I’ve never been pitted and it (my profile) says I’ve been here since 2003. I thought it was longer, but I’ve learned not to trust my concept of time. I think before I’d gotten here, I’d learned from life (and other message boards) that there are some things that people have to agree to disagree on and drop it and be civil. I enjoy watching the debates (and the pittings–omg, they are so fun!) but I know someone else with more of a gift of making my point will probably say something.
It sounds like I have a ‘meh’ personality, and I don’t. I’m just not going to get into an argument with everyone everywhere. When you get into an argument online, it seems it always turns into you against the wolves, or the wolves against you.

There is the school of thought that says there’s no such thing as bad publicity. (“I don’t care what you write about me as long as you spell my name right.”) Sometimes if you want to be loved, or even remembered, you have to risk being hated. I’ve never been one to take that attitude to heart, but I can’t say it’s entirely wrong, either.

Everything being said about being pitted could also be said about getting warnings. If you don’t get some warnings once in a while, you’re being too bland.

The trick, of course, is to calibrate your pit-worthy or warn-worthy rantings just right, such that you get pitted or warned, but not banned. And we’ve seen the departures of all the posters who’ve mis-calculated that.

ETA: I’ve never gotten pitted (that I know of) and only one warning that I recall, exactly because I’ve deliberately adopted a rather bland and non-confrontational persona here. If I actually wrote the things I want to write about certain topics that I’ve decided not to participate in here, I’d be gone by sundown fer sure.

I think about this sometimes. I try to be clear and thoughtful with my posts, but in the 14 or so years I have been posting here, I haven’t been pitted.
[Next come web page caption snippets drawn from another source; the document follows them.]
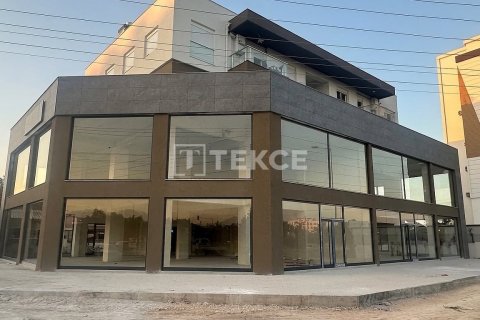 ملک تجاری در Antalya ، ترکیه 691 متر مربع. شماره 237473 - 3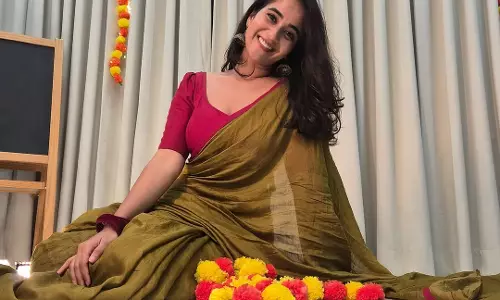 Deepthi Sunaina steals hearts in biscuit shade saree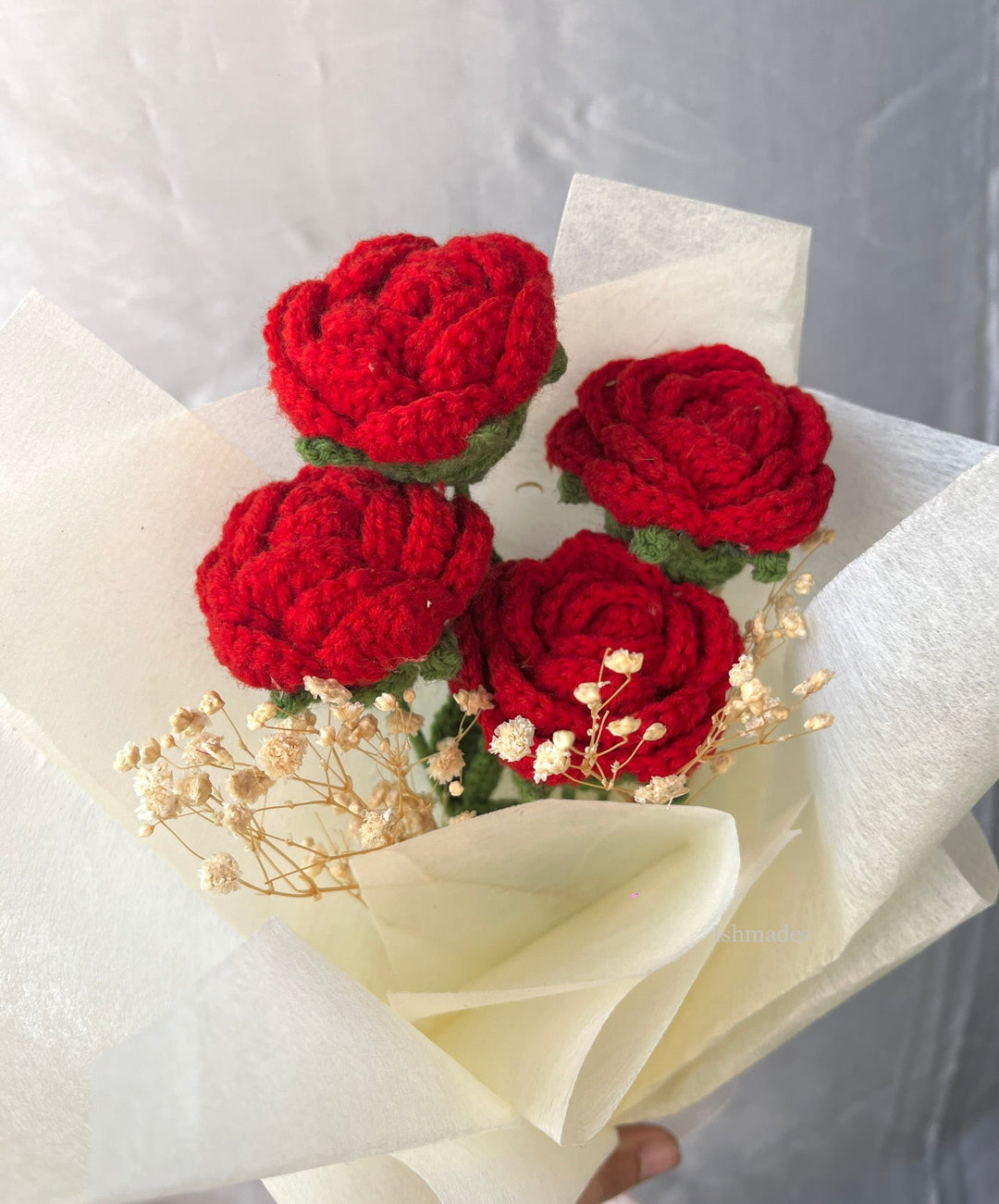 Ishmades Lush Love Bouquet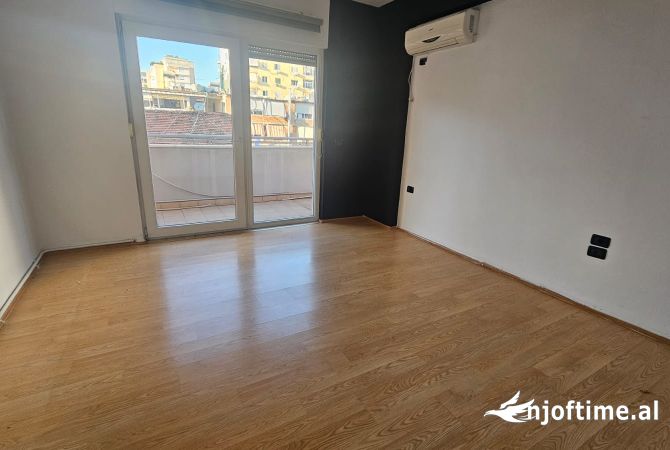 Ambiente Commerciale in Affitto 3+1 a Tirana - 850 Euro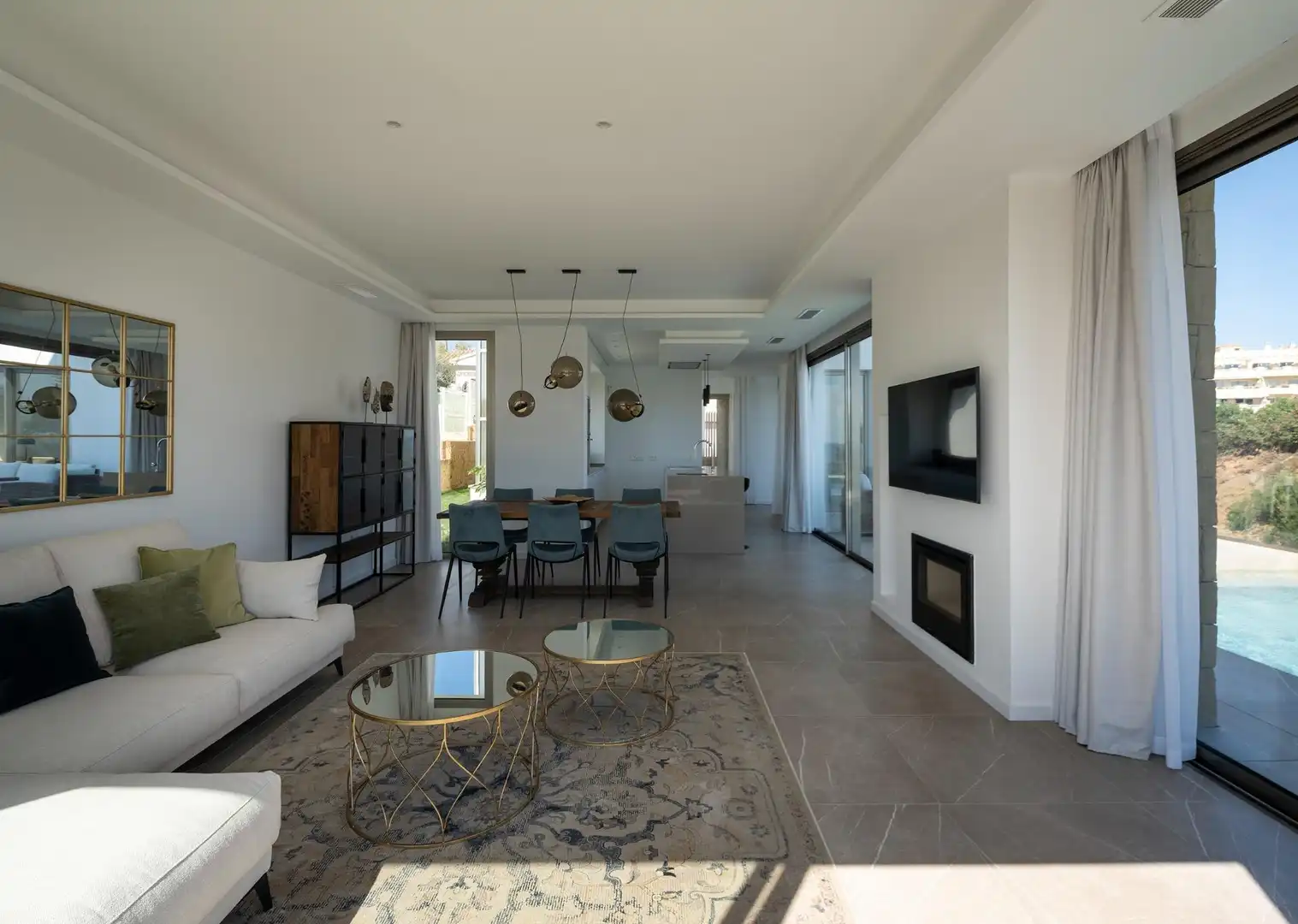 Detached house with pool for sale in El Faro de Calaburra - Chaparral, imagen 8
I think it is because I tend to focus on Music, Art and Philosophy type threads. I mean, I will assert that Jim Morrison is a douchebag or that the Grateful Dead are sloppy and dull, but that rarely leads to Pittable exchanges.

I had an encounter with a newbie poster a few weeks ago where I was trying to help him realize how much his posting style was an issue - I ended up reporting my own threads along the way, in case I was crossing the line into junior modding…

That’s all I got. I dunno - would it be better if I was more…provocative…to the point of getting pitted? Not sure how entertaining that would be…

Well they do say that a man without enemies is no kind of man at all.

I wouldn’t worry about it, it probably just means that you’re a nice guy.